Hermès may be best known for their iconic handbags – The Kelly and Birkin – and colourful silk scarves – but the storied Paris label was built on saddles.
On a sunny spring day, I was given a tour of one of their light-filled workshops four floors above their Paris flagship store on the rue du Faubourg Saint Honore.
Whether it’s a saddle made with the Saut Hermès in mind (the annual show jumping competition in Paris) or a custom creation in ostrich and silver metal for a private client, all of Hermès saddles are handcrafted here in Paris. Ten craftsmen toil here – each one steeped in Hermès leatherwork crafting, and each one passionate about horses. One craftsman will make one saddle from start to finish. Each saddle uses about 40 pieces – a mix of leather and padding shaped to either a wood or carbon base.
The size of the saddle is determined by the rider, the horse and the function – will it be used for promenade (basic riding) or dressage, polo or hunting perhaps.
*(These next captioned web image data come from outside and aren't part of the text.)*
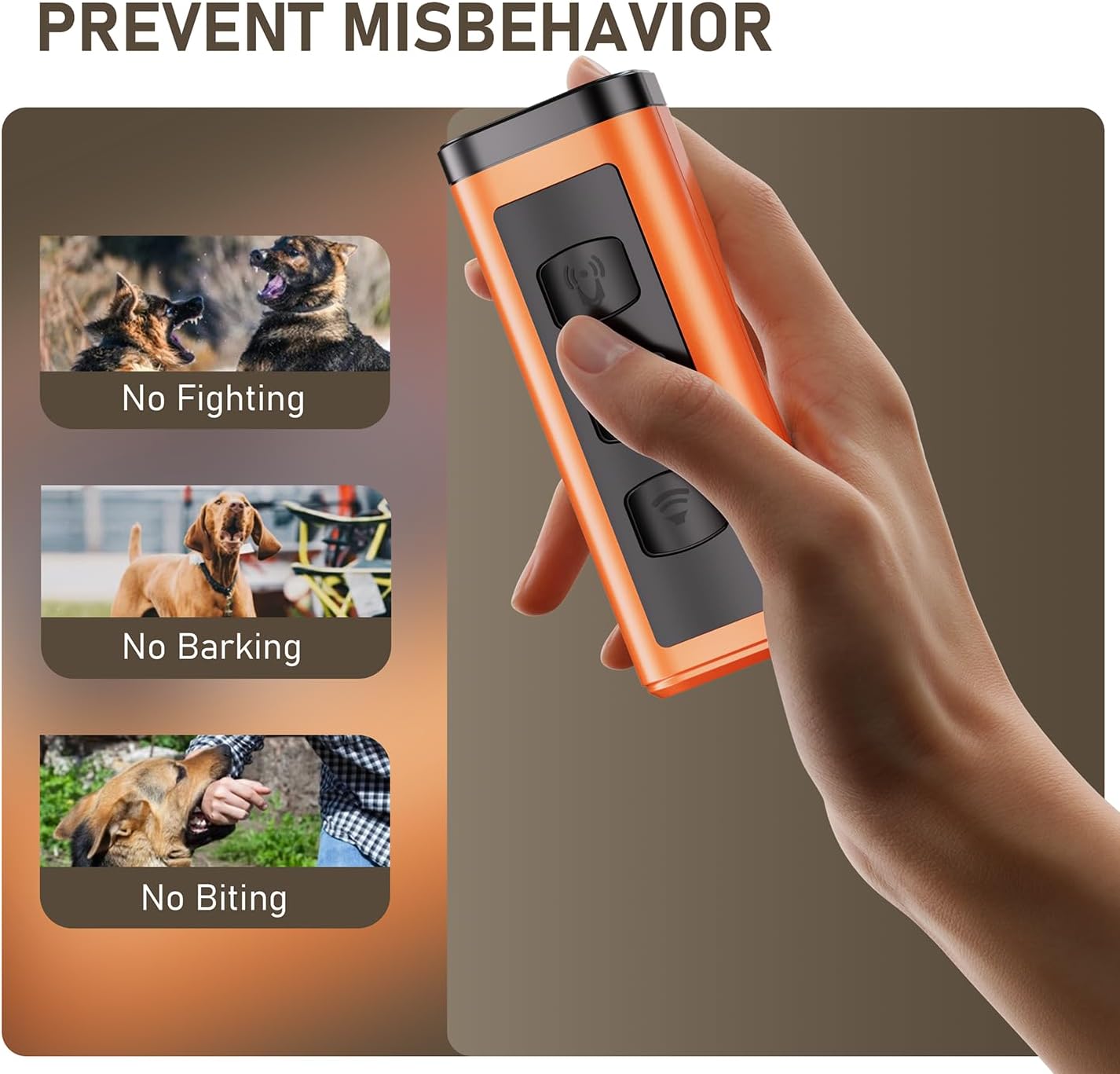 2 Pack Dog Bark Deterrent Devices, Rechargeable Anti-Barking Device for Dogs, 50ft Long-Range Ultrasonic, Correct Your Dog's Bad Behavior at the Push of a Button,Suitable for Small, Medium, Large Dogs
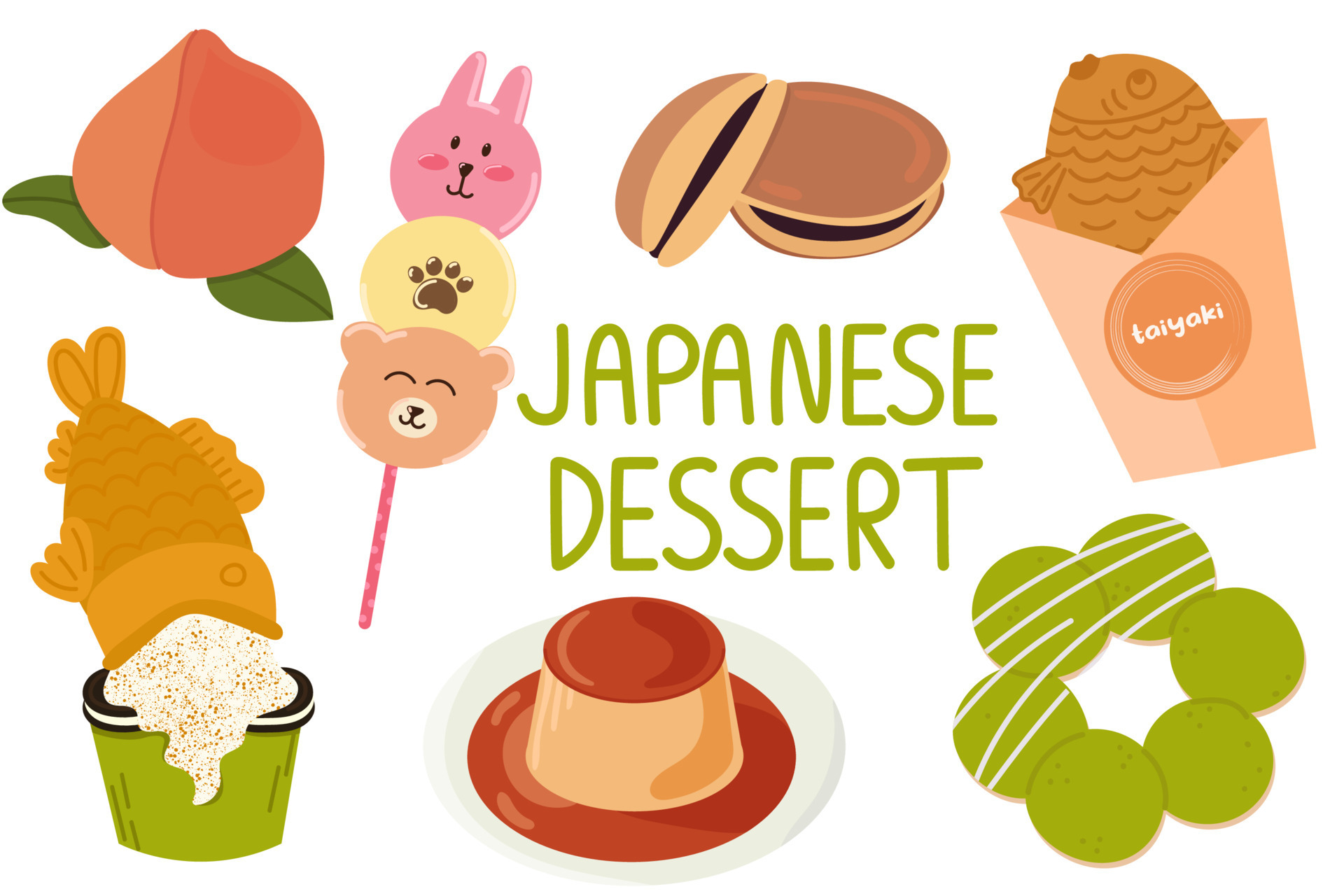 Set with japanese desserts. Japanese street food dessert.Taiyaki,mochi,dango,nerikiri,purin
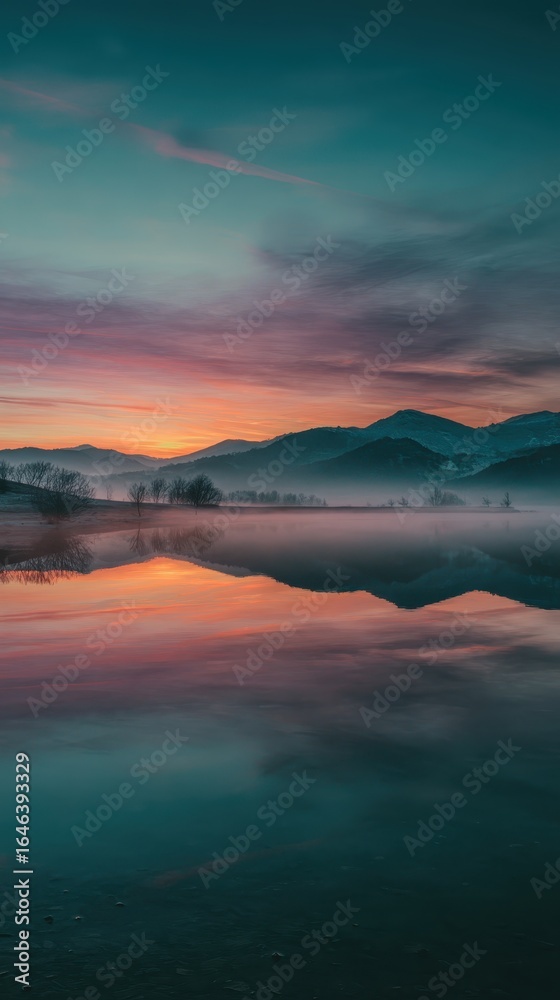 Fototapeta premium Winter Sunset Over Foggy Lake With Mountain Reflection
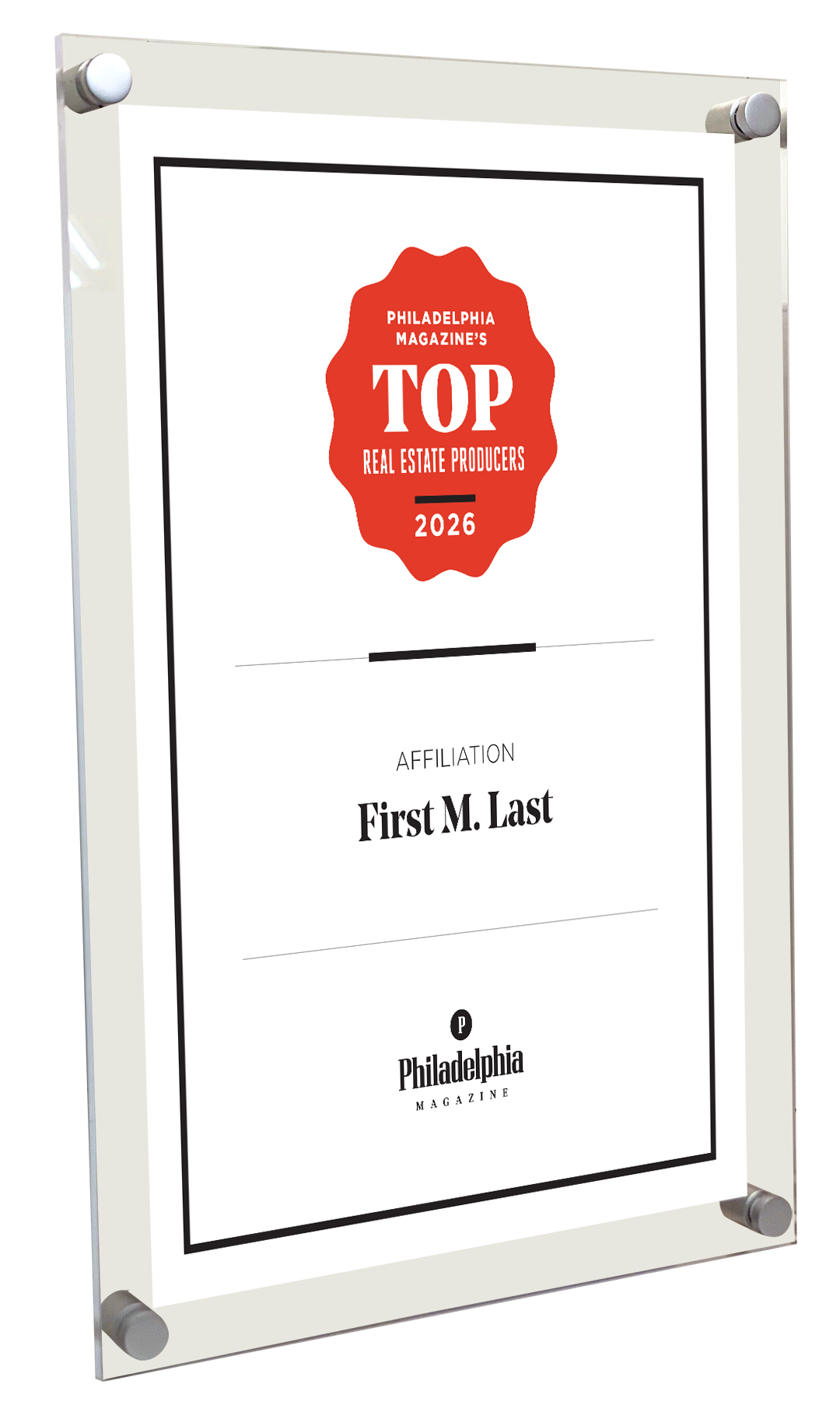 Philadelphia magazine Top Real Estate Producers - Acrylic Standoff Plaque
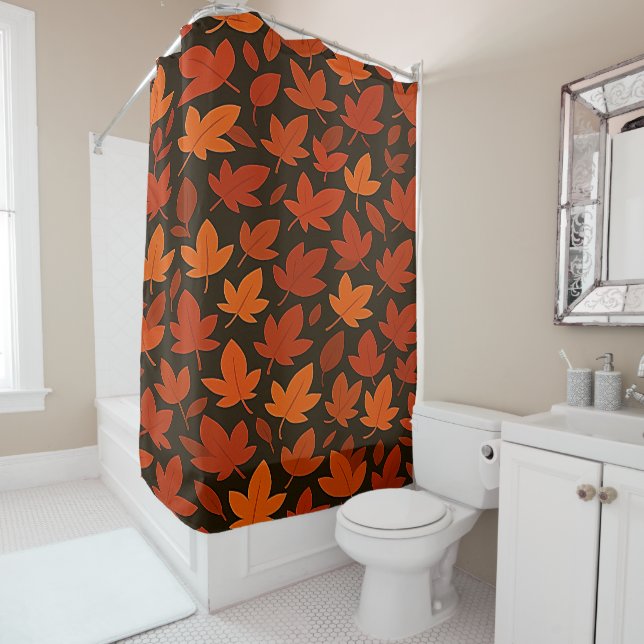 Orange Autumn Leaves Shower Curtain (In Situ)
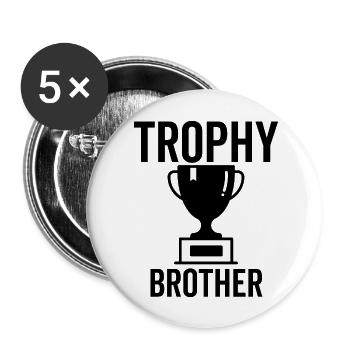 Trophée Frère - Lot de 5 grands badges (56 mm) - blanc - Devant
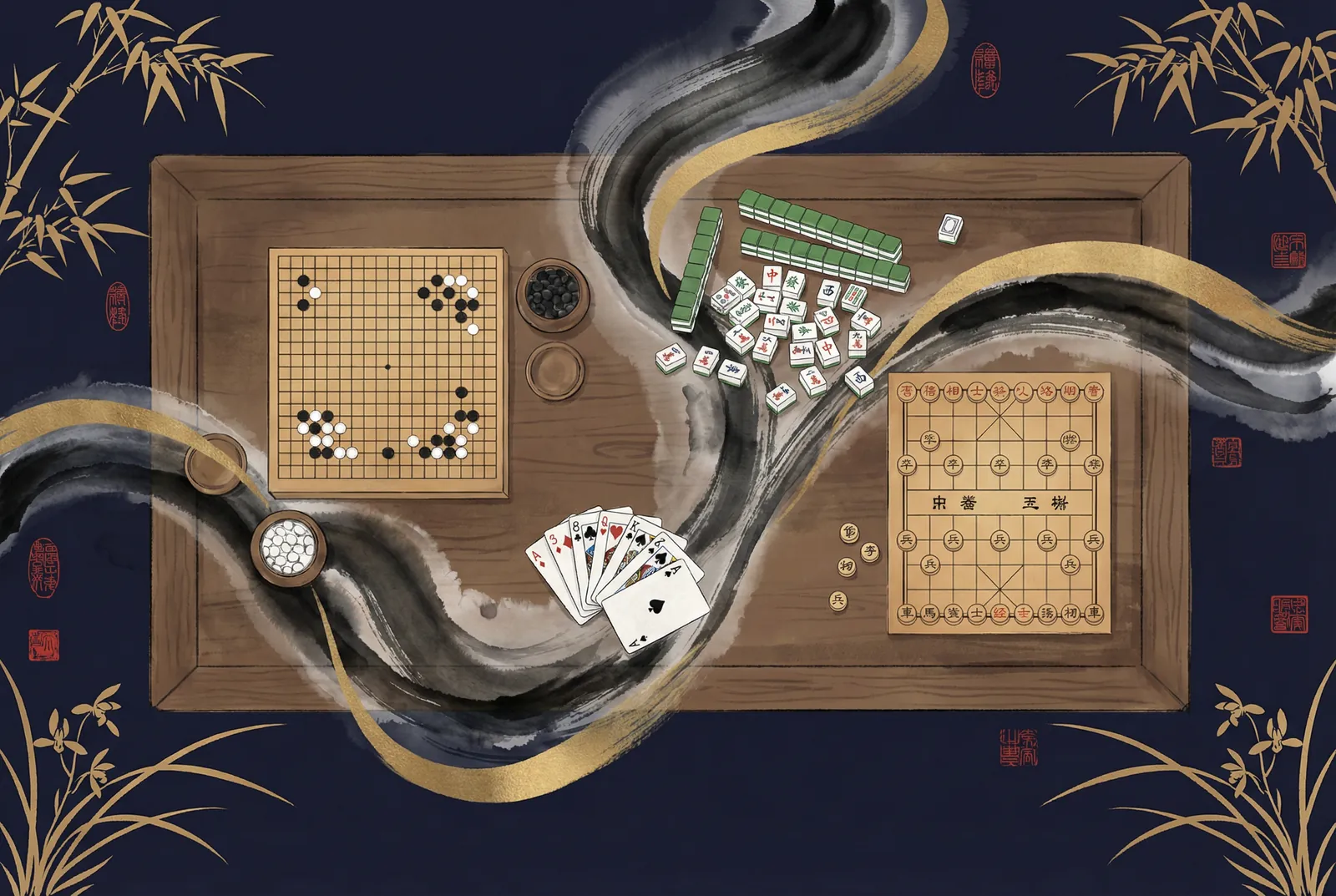 棋牌游戏总览水墨风格画面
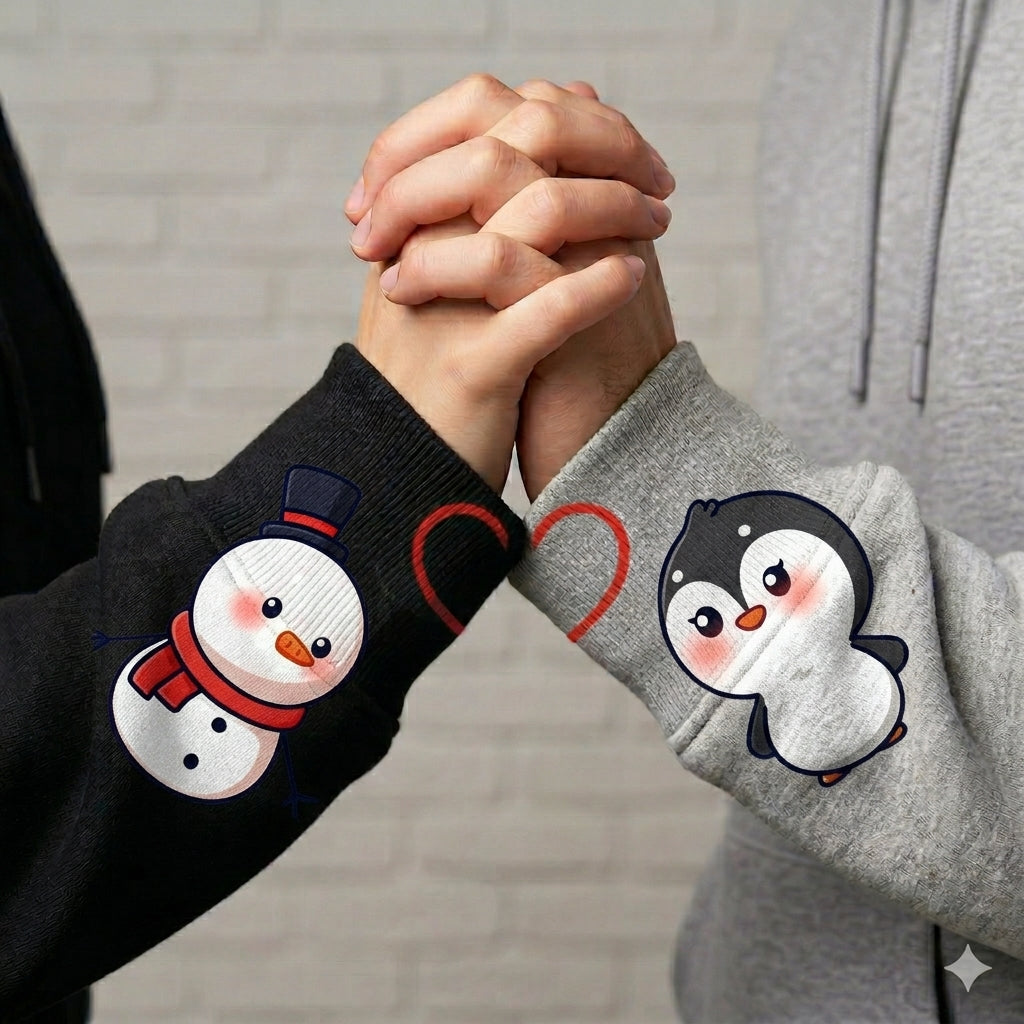 Let's Chill Snowman and Penguin Couple Sweatshirt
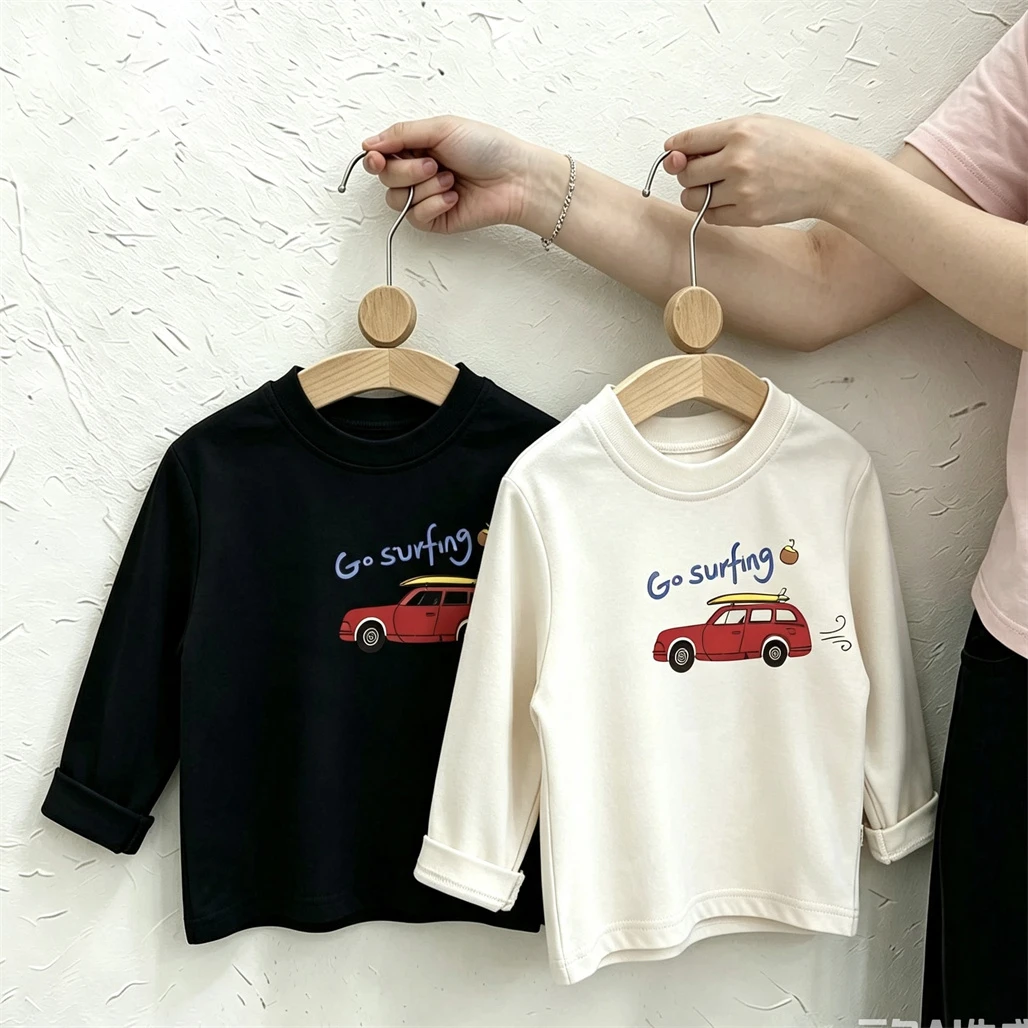 Double-side Print TShirt Little Car Long Sleeve Boys Child Trendy Clothing Round Neck Bottoming Shirt Infant New Design Tops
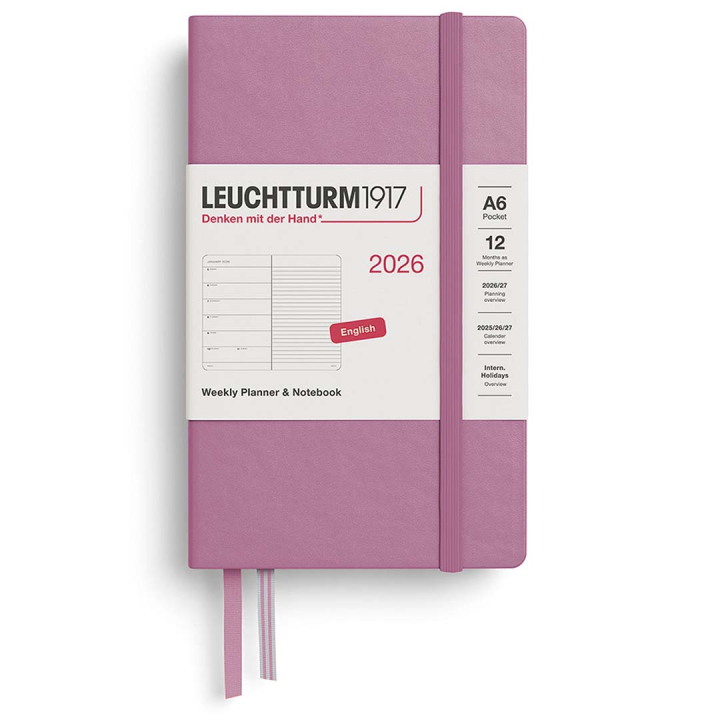 Kalenteri Weekly Planner & Notebook 2026 A6 Dusty Rose ryhmässä Paperit ja Lehtiöt / Kalenterit / 12 kk kalenterit @ Pen Store (136231)
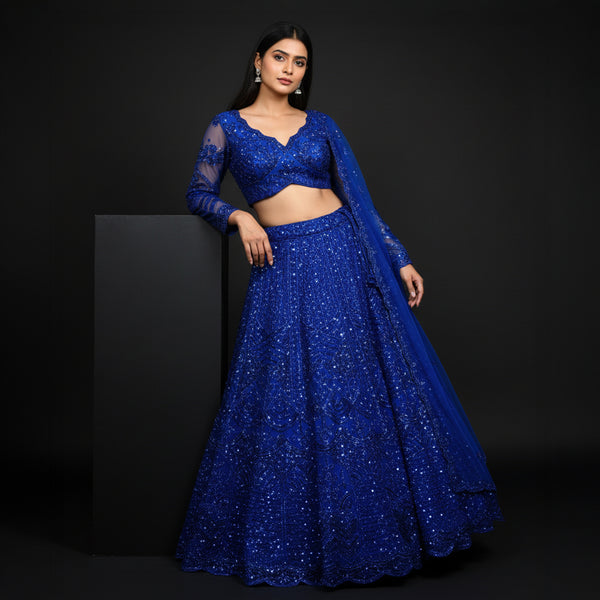 Jazzagals - Designer Replica Monotone Handwork Couture Lehenga Blue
A dozen different saddles are crafted here. Five hundred are made annually and sold as raw leather – the saddle will be oiled and polished after purchase.
Our guide takes us through volumes of handwritten files, noting each saddle made with its dimensions, details, leather and client. The oldest book is dated 1909. Another volume pictures custom saddles including one embroidered by the couture beading supplier Lesage, another flashy one called the Pegasus with red and yellow leather wings. I’m told another Pegasus is currently being crafted for a wedding gift. Some custom orders also require a mini version to be made as a souvenir – each tiny saddle takes us much time (about 40 hours) as its bigger original.
Watching the craftsmen pound and stretch leather, and examine every detail gives a better appreciation of what goes into handmaking a saddle. And at Hermès, it’s that special quality touch that commands price tags in the thousands (The Talaris saddle starts at $13,000).